SAN DIEGO -- Suppose that in order to use the appliances in your kitchen, an electrical engineer needs to tear down the wall and splice in wiring for the appropriate voltage converter.
Then suppose you're running a restaurant out of that kitchen.
That, according to those in the know, is what it's like to work with life-science information today, where the absence of a common programming language makes finding biological data a dicey prospect.
Enter Sun, LabBook, TimeLogic, and others, to spearhead the genesis of a common language using XML.
Sun has recruited IBM (IBM), Millennium Pharmaceuticals (MLNM), Affymetrix (AFFX), Accenture and 35 others in an effort called I3C, which promises to accelerate genetic research by helping researchers obtain data using a standard language.
Without this language, the fruits of biotechnology have withered on the vine, said Jeff Augen, director of business strategy at IBM Life Sciences.
"There's been a promise in biotech that has been broken: personalized meds," Augen said, referring to medicine that can be tailor-made for individual patients. In fact, the ability to do this is considered one of the first practical advantages to emerge from the Human Genome Project.
In order to accomplish this, biotech researchers need to be able to easily search all existing gene sequence information. But the human genome contains a massive amount of data -- about 3 billion pairs of the four nucleotides that make up DNA -- and the lack of a common language makes a tough job that much tougher.
The sprawling Human Genome Project resulted in over 400 individual databases at companies and institutions around the world. Each contained sequences and information about the jobs that genes and proteins perform, but each did so in its own programming language. Needless to say, that retards the ability of researchers to easily share their information.
Without some kind of uniform code, researchers have to write storage rules that are different every time, Augen said. "That's silly because then no one else could go get the data."
Even small companies are required to work with increasing amounts of information.
"Small companies are coming to us all the time and the first thing they want to do is buy a teraflop-size supercomputer," Augen said.

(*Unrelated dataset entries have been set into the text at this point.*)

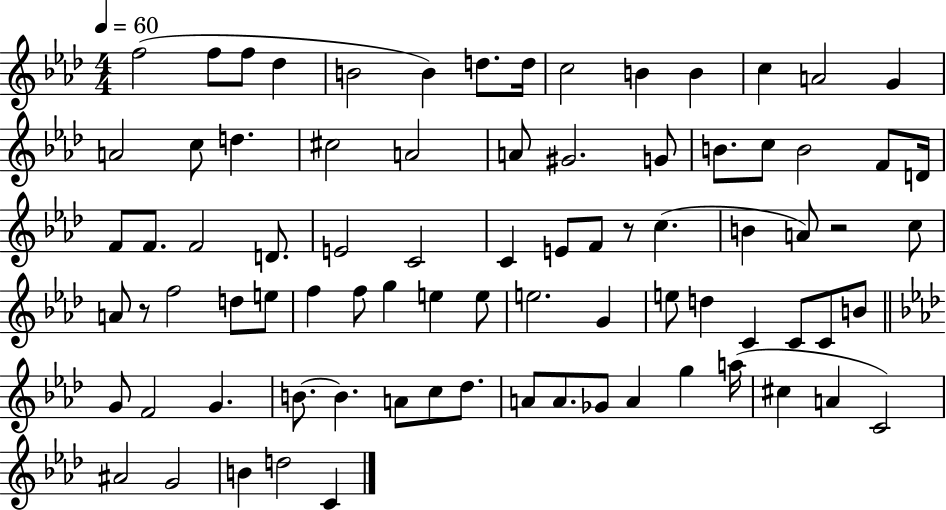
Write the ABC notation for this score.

X:1
T:Untitled
M:4/4
L:1/4
K:Ab
f2 f/2 f/2 _d B2 B d/2 d/4 c2 B B c A2 G A2 c/2 d ^c2 A2 A/2 ^G2 G/2 B/2 c/2 B2 F/2 D/4 F/2 F/2 F2 D/2 E2 C2 C E/2 F/2 z/2 c B A/2 z2 c/2 A/2 z/2 f2 d/2 e/2 f f/2 g e e/2 e2 G e/2 d C C/2 C/2 B/2 G/2 F2 G B/2 B A/2 c/2 _d/2 A/2 A/2 _G/2 A g a/4 ^c A C2 ^A2 G2 B d2 C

Other attempts have been made at codifying the language, but Augen said that there were still so many of them -- 14 at last count -- that the only standard out there right now is chaos.
Rosetta Inpharmatics (RSTA), which was recently purchased by Merck, created the Genetic Expression Markup Language, or GEML. It received an endorsement from Nature magazine, which seemed to herald its widespread acceptance. In the event, it never happened.
So now IBM has surrounded itself with 40 key players in the hope of cutting this Gordian knot.
"If you get enough horsepower behind a consortium then a set of standards becomes a standard," Augen said.
But that doesn't mean companies like Rosetta are excluded. In fact, Augen said he's trying to rally them to the cause. Several other companies also wrote their own language, and the consortium plans to utilize the best aspects of each.
"We're not a standards body where people pay to get certified. We're trying to drive a consensus," Augen said.
Incyte, (INCY) which is part of the consortium, has created a framework called the Genomic Knowledge Platform and will contribute what it can to a standard language.
"We don't want to ignore the valuable work done in other consortia," said Tim Clark, vice president of informatics at Millennium Pharmaceuticals (MLNM).
Members of the consortium expect to complete a language for expression array data in 15 months.
Augen, for one, smells success.
"There's no shortage of scientific input," Augen said. "I'm confident we have an accurate view."